When Dennis Quaid went to Congress last year to testify about a threatening Supreme Court decision, it was hard to imagine the Supremes might actually listen to why consumers should able to sue drug companies over dangerous drugs when the FDA approved their labels. The Court had already ruled consumers could not sue medical device manufacturers if the FDA approved the products. Well, today the Supreme Court showed it heard Congress, which responded to Quaid's testimony with a threat of legislation to overturn the FDA preemption doctrine if the Court did the wrong thing.
As the New York Times reports, the U.S. Supreme Court has ruled 6-3 that consumers can still file state liability lawsuits against drug companies. It's a huge victory for patients and a defeat for drug maker Wyeth, which argued that a Vermont woman could not sue it for injuries she suffered after receiving the company's medicines because the FDA had approved the drug's label.

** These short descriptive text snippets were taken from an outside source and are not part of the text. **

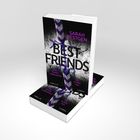"BEST FRIENDS", "Für immer verbunden", "Bis in den Tod", "Thriller". Ein Buchcover mit geflochtenem Armband.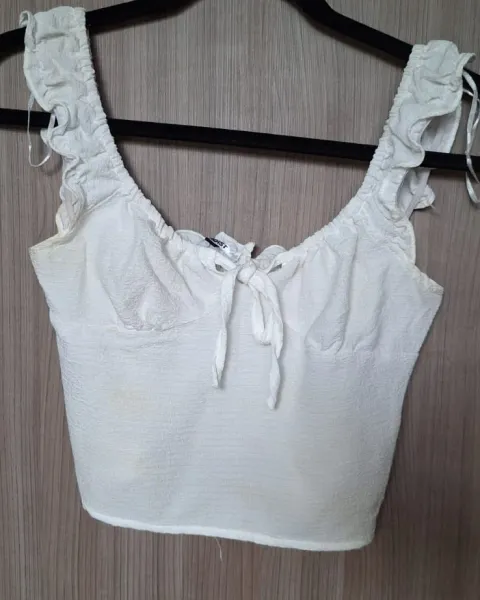 Crop Top Mujer Blanco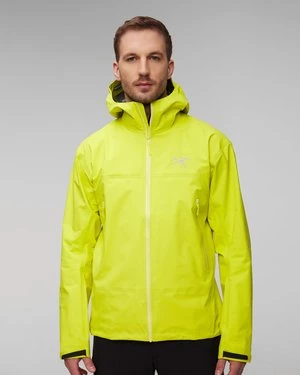 Żółta Kurtka Hardshellowa Męska Arcteryx Beta Jacket M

Quaid testified about how his newborn twins were given a massive overdose -- 1,000 times more than the appropriate child dose -- because the medication bottles for children and adults were nearly identical. Other children had died from similar overdoses, but the bottles remained the same until Quaid's kids were affected. You can watch the video of Dennis's testimony at The Quaid Foundation's web site: www.TheQuaidFoundation.org
Today's ruling shows that a new President, a concerned Congress and a celebrity's platform can change the direction of the Supreme Court. Justice for all won today, thanks to Quaid, Obama and the voters.